### [AIM OF THE TASK]
Print the lines of the data, starting with the first, up to and including the line where "14K White Gold" appears.

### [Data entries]
▽
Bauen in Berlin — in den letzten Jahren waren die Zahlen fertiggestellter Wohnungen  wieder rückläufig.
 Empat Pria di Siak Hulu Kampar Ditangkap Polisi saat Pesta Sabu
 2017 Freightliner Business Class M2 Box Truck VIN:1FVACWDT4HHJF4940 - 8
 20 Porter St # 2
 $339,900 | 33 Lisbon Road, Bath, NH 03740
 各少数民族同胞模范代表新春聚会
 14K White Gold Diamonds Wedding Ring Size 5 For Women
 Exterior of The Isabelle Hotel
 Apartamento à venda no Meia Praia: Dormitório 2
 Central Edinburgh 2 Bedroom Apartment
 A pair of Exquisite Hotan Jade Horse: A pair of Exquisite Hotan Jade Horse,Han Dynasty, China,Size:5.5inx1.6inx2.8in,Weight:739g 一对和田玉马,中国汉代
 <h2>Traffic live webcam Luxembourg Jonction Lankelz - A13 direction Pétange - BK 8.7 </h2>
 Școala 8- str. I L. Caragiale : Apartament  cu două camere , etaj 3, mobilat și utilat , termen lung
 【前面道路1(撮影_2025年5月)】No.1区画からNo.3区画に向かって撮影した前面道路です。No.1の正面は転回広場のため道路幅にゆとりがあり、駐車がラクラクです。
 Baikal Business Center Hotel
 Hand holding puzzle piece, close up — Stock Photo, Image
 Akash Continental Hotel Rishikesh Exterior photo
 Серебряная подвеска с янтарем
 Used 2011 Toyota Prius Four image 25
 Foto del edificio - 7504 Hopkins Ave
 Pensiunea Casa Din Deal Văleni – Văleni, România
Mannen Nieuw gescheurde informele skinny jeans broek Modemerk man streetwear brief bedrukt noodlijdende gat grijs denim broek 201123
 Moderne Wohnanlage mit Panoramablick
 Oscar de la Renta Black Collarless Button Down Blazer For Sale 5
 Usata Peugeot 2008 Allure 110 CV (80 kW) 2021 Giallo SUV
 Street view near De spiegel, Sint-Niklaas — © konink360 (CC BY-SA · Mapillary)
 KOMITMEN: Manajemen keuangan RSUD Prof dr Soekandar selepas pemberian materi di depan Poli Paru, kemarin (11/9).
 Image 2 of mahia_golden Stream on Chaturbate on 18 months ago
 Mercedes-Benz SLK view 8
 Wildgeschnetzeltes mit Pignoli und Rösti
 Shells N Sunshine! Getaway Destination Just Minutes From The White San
△
### [EXPECTED OUTPUT]
Bauen in Berlin — in den letzten Jahren waren die Zahlen fertiggestellter Wohnungen  wieder rückläufig.
 Empat Pria di Siak Hulu Kampar Ditangkap Polisi saat Pesta Sabu
 2017 Freightliner Business Class M2 Box Truck VIN:1FVACWDT4HHJF4940 - 8
 20 Porter St # 2
 $339,900 | 33 Lisbon Road, Bath, NH 03740
 各少数民族同胞模范代表新春聚会
 14K White Gold Diamonds Wedding Ring Size 5 For Women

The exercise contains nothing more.